Back at home, the social late bloomer bumps into his first love at a political rally, the hot-tempered Jean Tatlock (Florence Pugh). She breaks him out of the ivory tower of science, in which he is now very successful, and introduces him to communist circles. However, their love does not last long. Shortly afterwards, in 1939, Oppenheimer meets the cantankerous Katherine “Kitty” Puening (Emily Blunt), whom he marries and has a child some time later.

Because Oppenheimer is an authority on quantum mechanics and nuclear research, General Leslie Groves (Matt Damon) recruits him for the Manhattan Project at the start of World War II. This top-secret project is an attempt by the United States to develop an atomic bomb faster than Nazi Germany. The Jewish-American Oppenheimer uses his large network to collect as many brilliant minds as possible. History tells us that this worked out wonderfully. But, as is often the case, the consequences were incalculable. Nolan eagerly taps into this chain reaction of consequences, especially when it comes to a paradox in man: how can scientists, who have the most insight into the destructive sides of a given invention, knowingly go ahead with it?

A biographical film is a first for Nolan, but the new and old Nolan talk to each other in a very interesting way. As in most of his work, he again mixes up timelines and, as in ‘Memento’, he demarcates them by using black and white for one timeline and color for the other.
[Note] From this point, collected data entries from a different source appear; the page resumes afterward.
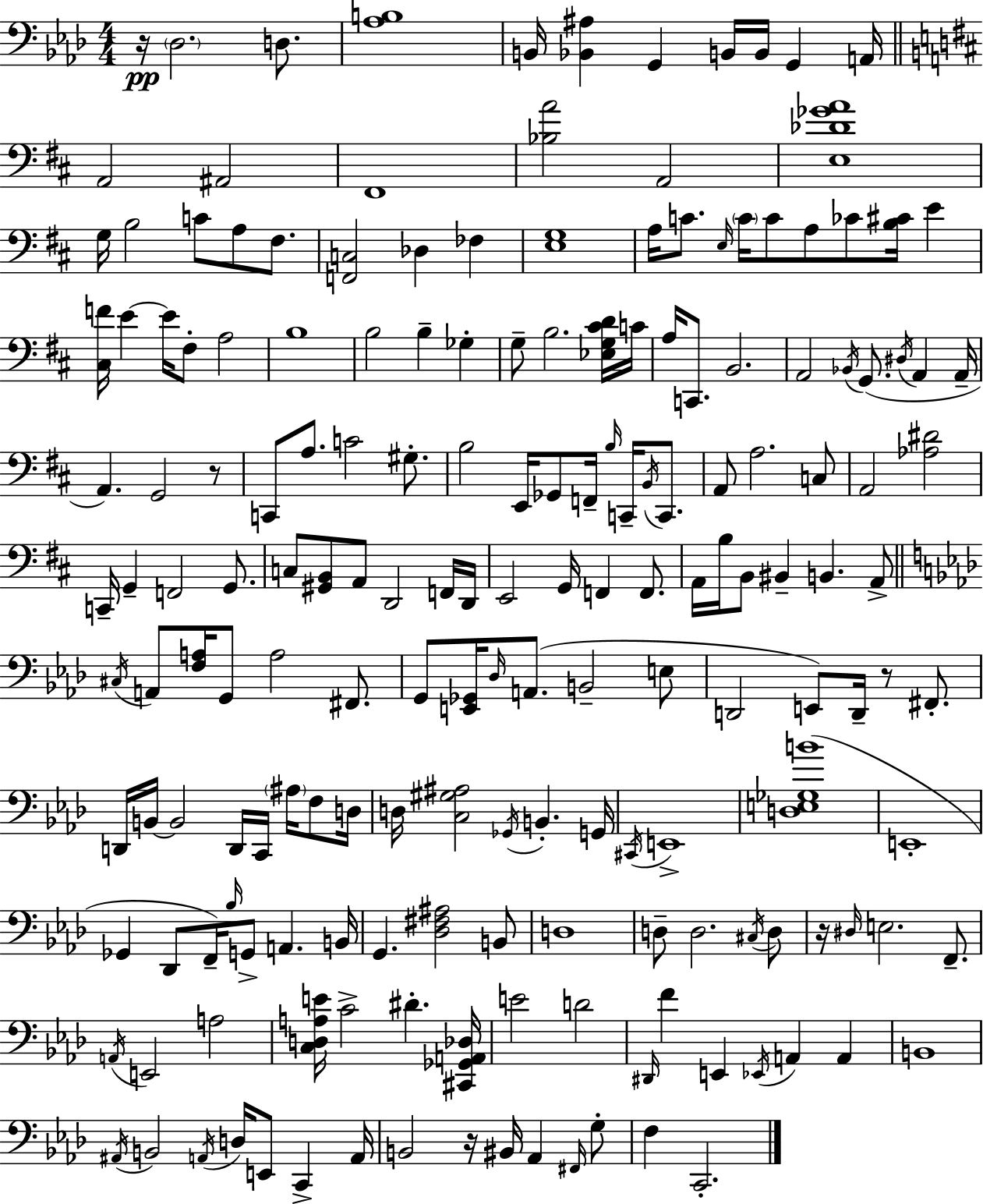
{
  \clef bass
  \numericTimeSignature
  \time 4/4
  \key aes \major
  r16\pp \parenthesize des2. d8. | <aes b>1 | b,16 <bes, ais>4 g,4 b,16 b,16 g,4 a,16 | \bar "||" \break \key d \major a,2 ais,2 | fis,1 | <bes a'>2 a,2 | <e des' ges' a'>1 | \break g16 b2 c'8 a8 fis8. | <f, c>2 des4 fes4 | <e g>1 | a16 c'8. \grace { e16 } \parenthesize c'16 c'8 a8 ces'8 <b cis'>16 e'4 | \break <cis f'>16 e'4~~ e'16 fis8-. a2 | b1 | b2 b4-- ges4-. | g8-- b2. <ees g cis' d'>16 | \break c'16 a16 c,8. b,2. | a,2 \acciaccatura { bes,16 }( g,8. \acciaccatura { dis16 } a,4 | a,16-- a,4.) g,2 | r8 c,8 a8. c'2 | \break gis8.-. b2 e,16 ges,8 f,16-- \grace { b16 } | c,16-- \acciaccatura { b,16 } c,8. a,8 a2. | c8 a,2 <aes dis'>2 | c,16-- g,4-- f,2 | \break g,8. c8 <gis, b,>8 a,8 d,2 | f,16 d,16 e,2 g,16 f,4 | f,8. a,16 b16 b,8 bis,4-- b,4. | a,8-> \bar "||" \break \key aes \major \acciaccatura { cis16 } a,8 <f a>16 g,8 a2 fis,8. | g,8 <e, ges,>16 \grace { des16 }( a,8. b,2-- | e8 d,2 e,8) d,16-- r8 fis,8.-. | d,16 b,16~~ b,2 d,16 c,16 \parenthesize ais16 f8 | \break d16 d16 <c gis ais>2 \acciaccatura { ges,16 } b,4.-. | g,16 \acciaccatura { cis,16 } e,1-> | <d e ges b'>1( | e,1-. | \break ges,4 des,8 f,16--) \grace { bes16 } g,8-> a,4. | b,16 g,4. <des fis ais>2 | b,8 d1 | d8-- d2. | \break \acciaccatura { cis16 } d8 r16 \grace { dis16 } e2. | f,8.-- \acciaccatura { a,16 } e,2 | a2 <c d a e'>16 c'2-> | dis'4.-. <cis, ges, a, des>16 e'2 | \break d'2 \grace { dis,16 } f'4 e,4 | \acciaccatura { ees,16 } a,4 a,4 b,1 | \acciaccatura { ais,16 } b,2 | \acciaccatura { a,16 } d16 e,8 c,4-> a,16 b,2 | \break r16 bis,16 aes,4 \grace { fis,16 } g8-. f4 | c,2.-. \bar "|."
} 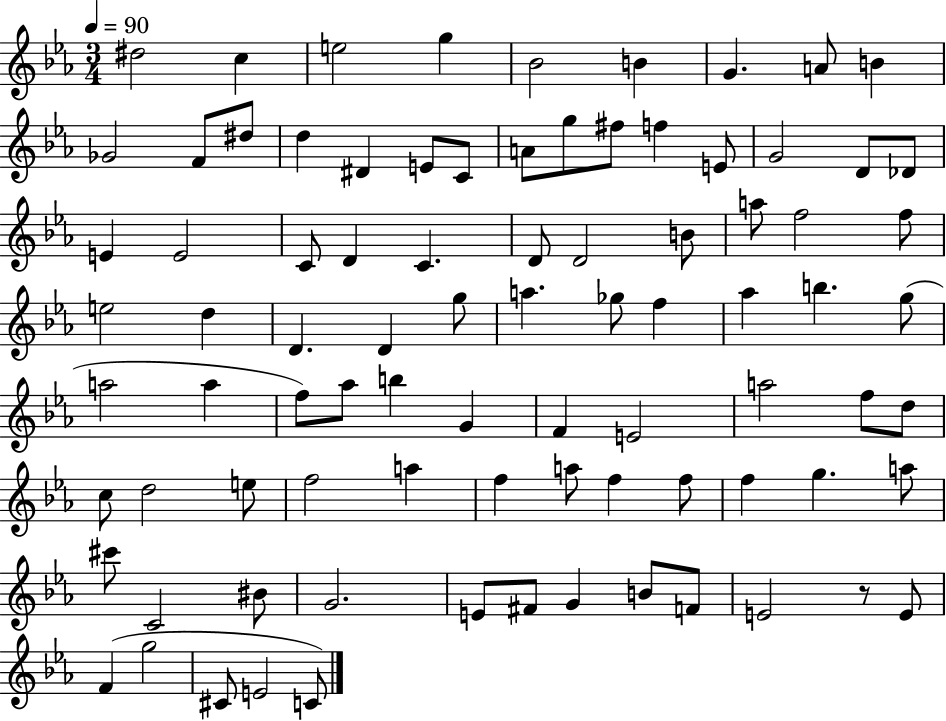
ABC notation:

X:1
T:Untitled
M:3/4
L:1/4
K:Eb
^d2 c e2 g _B2 B G A/2 B _G2 F/2 ^d/2 d ^D E/2 C/2 A/2 g/2 ^f/2 f E/2 G2 D/2 _D/2 E E2 C/2 D C D/2 D2 B/2 a/2 f2 f/2 e2 d D D g/2 a _g/2 f _a b g/2 a2 a f/2 _a/2 b G F E2 a2 f/2 d/2 c/2 d2 e/2 f2 a f a/2 f f/2 f g a/2 ^c'/2 C2 ^B/2 G2 E/2 ^F/2 G B/2 F/2 E2 z/2 E/2 F g2 ^C/2 E2 C/2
And compared to the ‘Mission Impossible’-esque phantasmagoria of ‘Tenet’, Nolan, through the signature deafening music, offers a more frightening glimpse of how Oppenheimer feels in a world of science, which he is only too happy to fathom, and worlds in which he is constantly in danger of drowning, the private and political sphere.
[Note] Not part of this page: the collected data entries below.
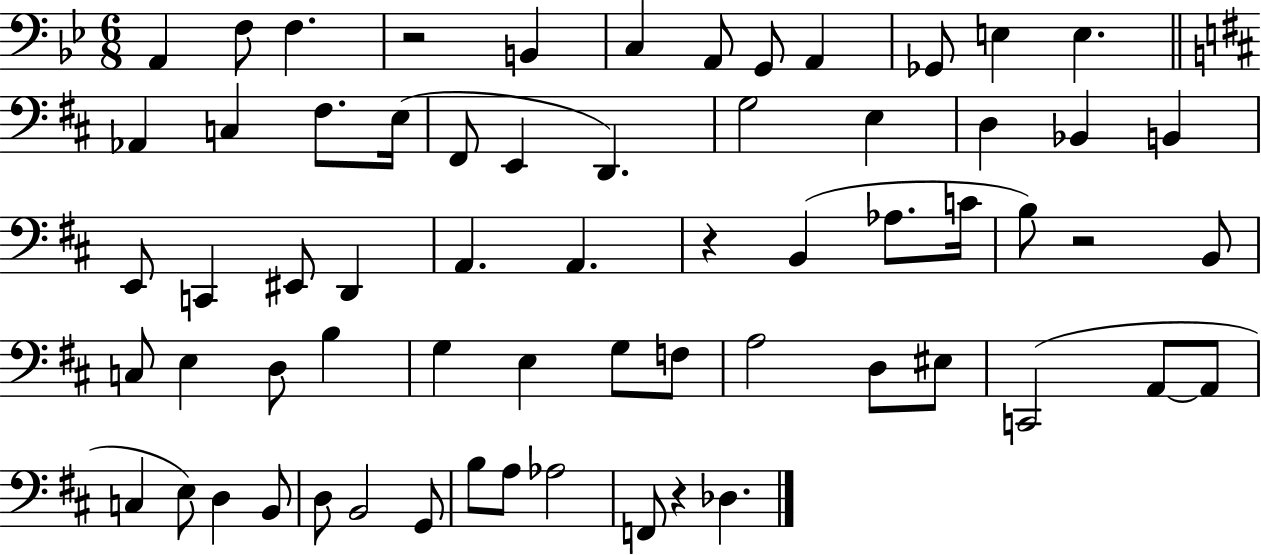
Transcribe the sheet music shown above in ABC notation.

X:1
T:Untitled
M:6/8
L:1/4
K:Bb
A,, F,/2 F, z2 B,, C, A,,/2 G,,/2 A,, _G,,/2 E, E, _A,, C, ^F,/2 E,/4 ^F,,/2 E,, D,, G,2 E, D, _B,, B,, E,,/2 C,, ^E,,/2 D,, A,, A,, z B,, _A,/2 C/4 B,/2 z2 B,,/2 C,/2 E, D,/2 B, G, E, G,/2 F,/2 A,2 D,/2 ^E,/2 C,,2 A,,/2 A,,/2 C, E,/2 D, B,,/2 D,/2 B,,2 G,,/2 B,/2 A,/2 _A,2 F,,/2 z _D, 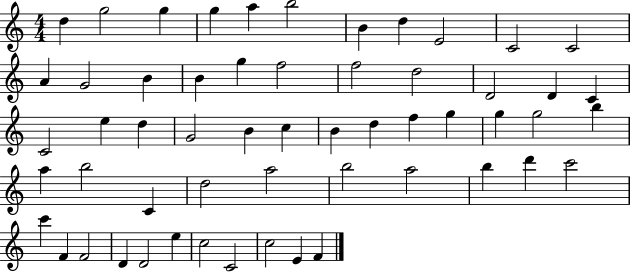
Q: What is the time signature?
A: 4/4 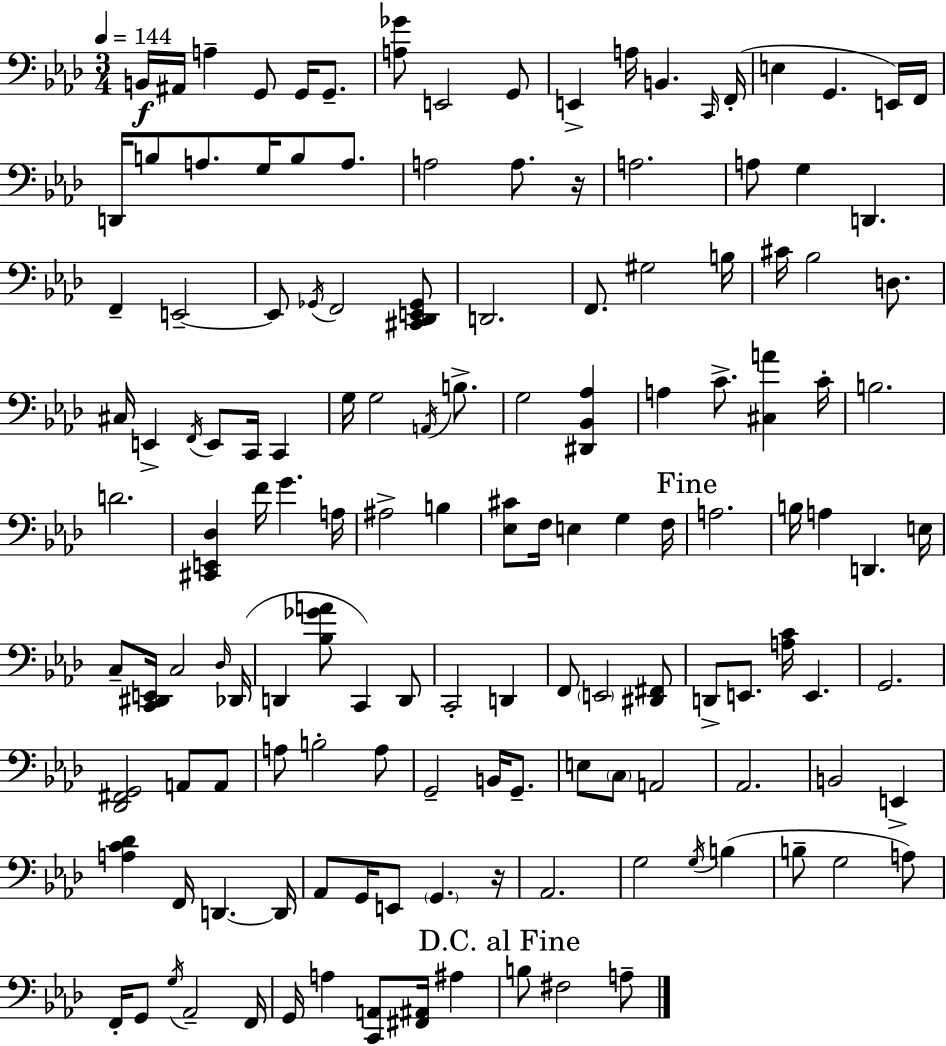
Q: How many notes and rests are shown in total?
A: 141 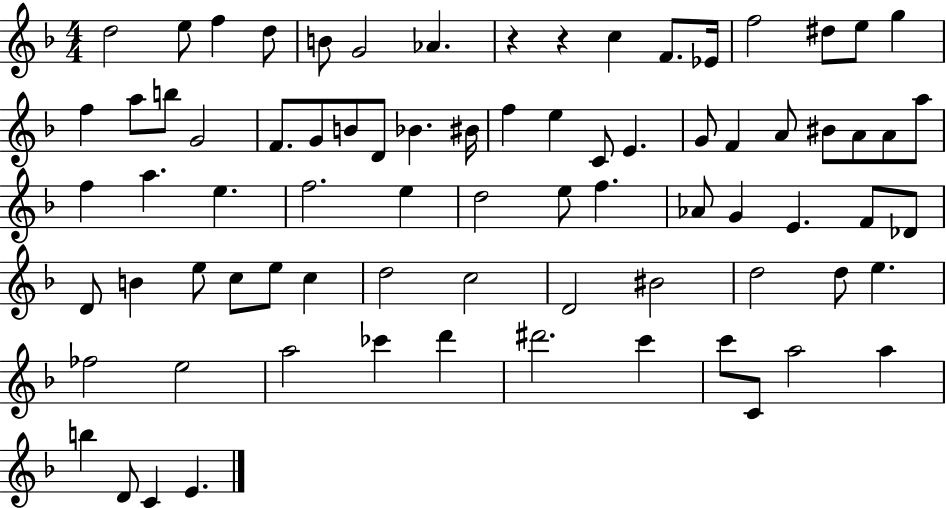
{
  \clef treble
  \numericTimeSignature
  \time 4/4
  \key f \major
  \repeat volta 2 { d''2 e''8 f''4 d''8 | b'8 g'2 aes'4. | r4 r4 c''4 f'8. ees'16 | f''2 dis''8 e''8 g''4 | \break f''4 a''8 b''8 g'2 | f'8. g'8 b'8 d'8 bes'4. bis'16 | f''4 e''4 c'8 e'4. | g'8 f'4 a'8 bis'8 a'8 a'8 a''8 | \break f''4 a''4. e''4. | f''2. e''4 | d''2 e''8 f''4. | aes'8 g'4 e'4. f'8 des'8 | \break d'8 b'4 e''8 c''8 e''8 c''4 | d''2 c''2 | d'2 bis'2 | d''2 d''8 e''4. | \break fes''2 e''2 | a''2 ces'''4 d'''4 | dis'''2. c'''4 | c'''8 c'8 a''2 a''4 | \break b''4 d'8 c'4 e'4. | } \bar "|."
} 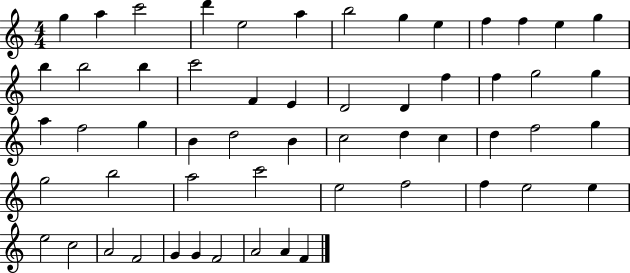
G5/q A5/q C6/h D6/q E5/h A5/q B5/h G5/q E5/q F5/q F5/q E5/q G5/q B5/q B5/h B5/q C6/h F4/q E4/q D4/h D4/q F5/q F5/q G5/h G5/q A5/q F5/h G5/q B4/q D5/h B4/q C5/h D5/q C5/q D5/q F5/h G5/q G5/h B5/h A5/h C6/h E5/h F5/h F5/q E5/h E5/q E5/h C5/h A4/h F4/h G4/q G4/q F4/h A4/h A4/q F4/q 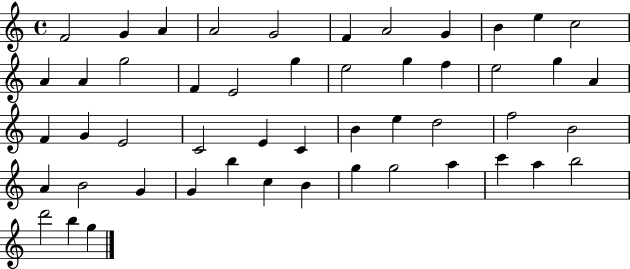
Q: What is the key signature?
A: C major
It is striking how much attention Nolan pays to the fallout for Oppenheimer from dropping the bomb in Japan. Meanwhile, the father of the atomic bomb has deep remorse about the invention and the resulting nuclear arms race with the Soviet Union and preaches for international cooperation to get the monster back in the bottle. The conservative wind blowing through America after the Second World War would have none of that. After all, how could that weapon have turned up so quickly in Russia? With his personal relationships and role in the Manhattan Project, the haunted Oppenheimer is the perfect tipsy game. For him, this time mainly takes place in small rooms where he is accused by a group of men of spying for the Russians and communist tendencies (laced with personal details and testimonies). The inflammatory tone of the paranoid witch hunters is stiflingly repetitive and wrings out almost every molecule of the acclaimed scientist. Depression is never far away. In this sense, although it involves other scales and styles, Nolan’s plunge into a tormented mind with a horror undertone shares DNA with Paul Thomas Anderson’s ‘There Will Be Blood’ (2007) and Ari Aster’s ‘Beau Is Afraid’ (2023).
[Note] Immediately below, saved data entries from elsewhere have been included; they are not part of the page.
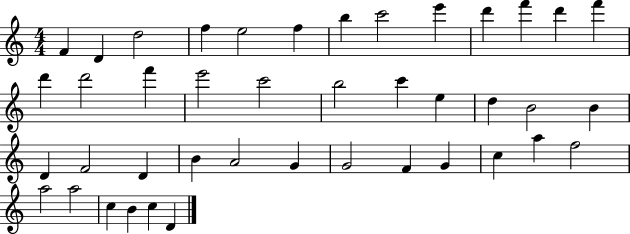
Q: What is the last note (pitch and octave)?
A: D4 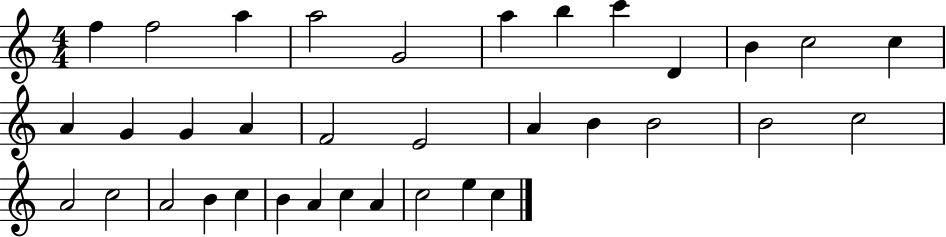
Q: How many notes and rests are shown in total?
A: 35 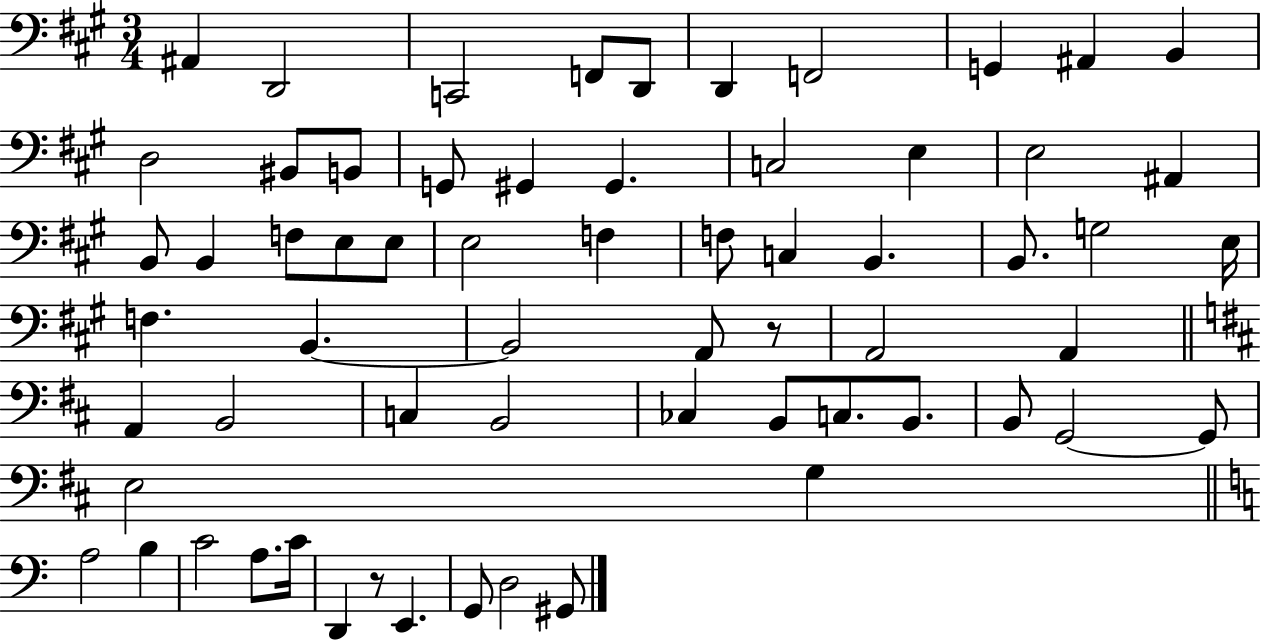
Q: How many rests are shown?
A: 2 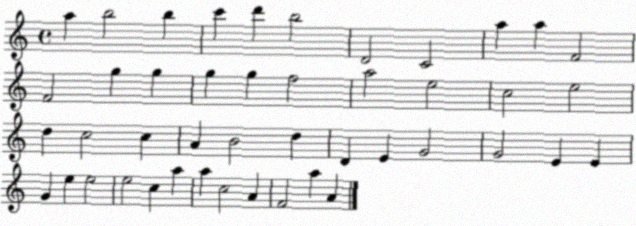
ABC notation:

X:1
T:Untitled
M:4/4
L:1/4
K:C
a b2 b c' d' b2 D2 C2 a a F2 F2 g g g g f2 a2 e2 c2 e2 d c2 c A B2 d D E G2 G2 E E G e e2 e2 c a a c2 A F2 a A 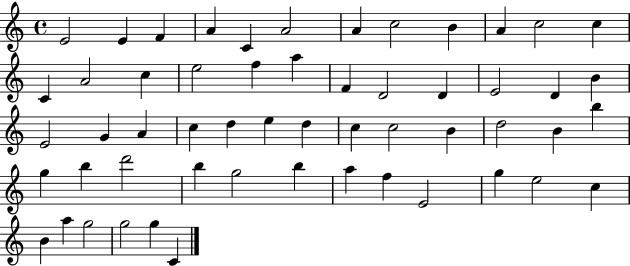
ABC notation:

X:1
T:Untitled
M:4/4
L:1/4
K:C
E2 E F A C A2 A c2 B A c2 c C A2 c e2 f a F D2 D E2 D B E2 G A c d e d c c2 B d2 B b g b d'2 b g2 b a f E2 g e2 c B a g2 g2 g C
The awe-inspiring ‘Oppenheimer’ rivals the acclaimed Hollywood films of the 1970s in ambition, execution and deep fascination with the intertwining of the personal and the political. But then crammed into a Nolan jacket. Moreover, all the talent on the production, as well as at the Manhattan operation, guarantees few mishaps. But this also results in a grueling, somewhat hermetic, look at a haunted American hero of almost mythical proportions. The film hardly thinks about itself or lets the actors breathe. It continuously steams on to want to say as much as possible about its subject, which to a certain extent makes it less easy to look away than previous Nolan films. That is by no means a great disgrace and perhaps even a disguised call for blockbuster Hollywood to focus more on making what the viewer gazes at be a mirror that can become part of the permanent furniture in the upper room.